Remix.run Logo
tptacek 3 hours ago

There are other models. Eschew the sandbox. Give the agent a computer, with all the trimmings, but keep that computer segregated from sensitive resources. Tokens are a solved problem: tokenize them[1] or do something equivalent with a proxy. The same thing goes for secrets.

A lot of this post presents false dichotomies. It assumes the existence of a sandbox that is by definition ephemeral or "cattle-like". Why? There are reasons to do that and reasons not to do that. You can have a durable computer with a network identity and full connectivity, and you can have that computer spin down and stop billing when not in use.

There are a zillion different shapes for addressing these problems, and I'm twitchy because I think people are super path-dependent right now, and it's causing them to miss a lot of valuable options.

[1]: https://fly.io/blog/tokenized-tokens/ (I work at Fly.io but the thing this post talks about is open source).

nvader 3 hours ago | parent | next [-]

I'm also very excited by the different shapes for solving problems in this space. A little worried that the path dependence is ACTUALLY a bit warranted since "popular harness engineering is just claude-wrapping" is a bit of a self-fulfilling prophecy today.

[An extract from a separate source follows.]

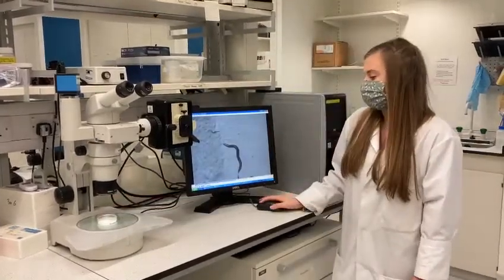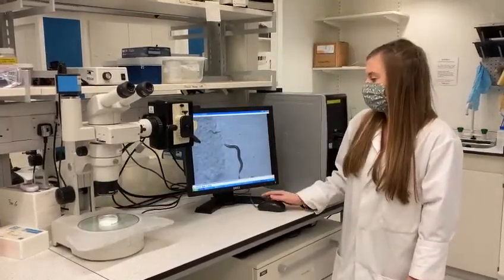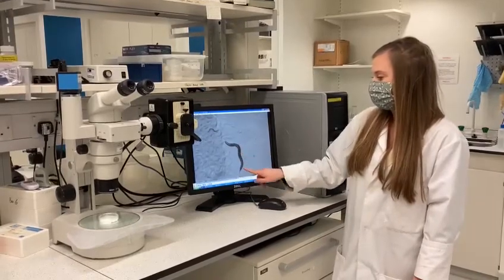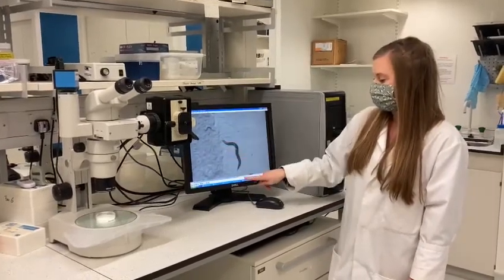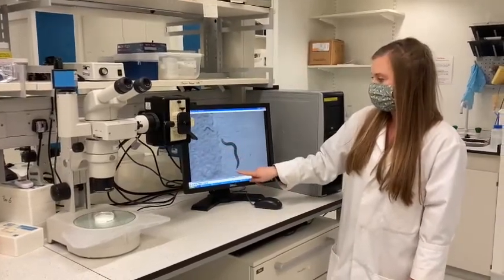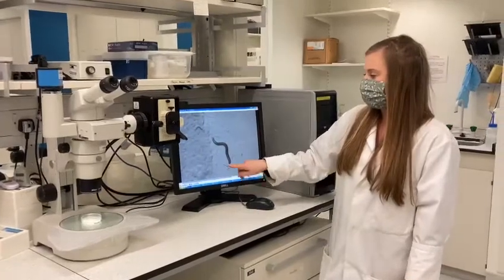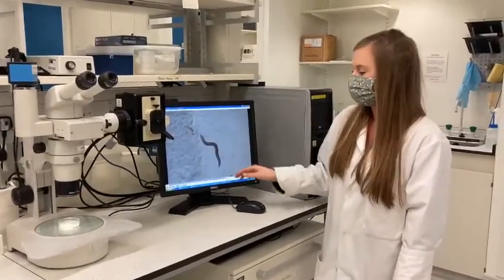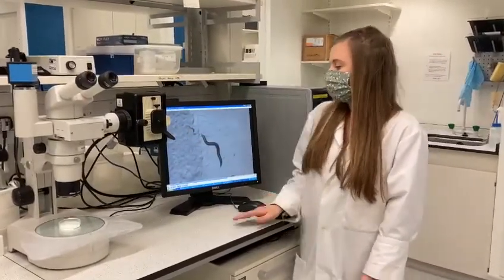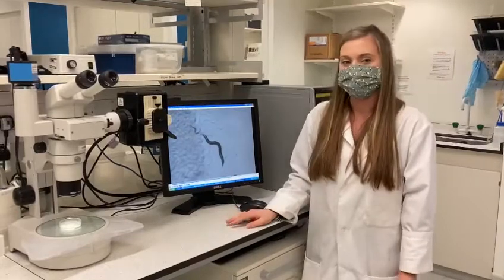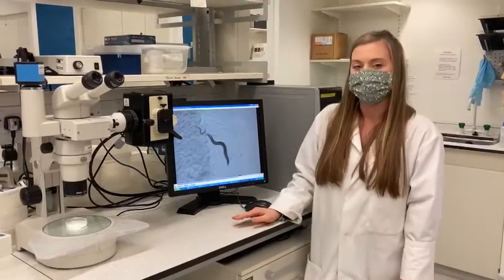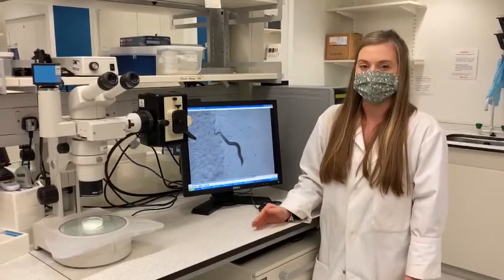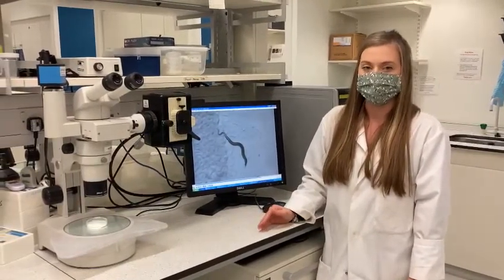When we look under the microscope we can see here an adult C. elegans. This is its head and this is its tail. You can also see some younger C. elegans as well. One of the things we do here is look at the behaviour of the worm and try to understand autism in this way.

I've heard many claims that because LLMs are tuned to specific harnesses, we should expect worse performance with novel architectures. That seems to make people reluctant to try to put effort into inventing them.

aluzzardi 2 hours ago | parent [-]

Author here.

I’m worried about the same (models tuned for specific harnesses).

We actually work around that by respecting the “contract”. For instance, our harness’ Bash signature is exactly the same as Claude’s. We do our sandboxing stuff and respond using the same format.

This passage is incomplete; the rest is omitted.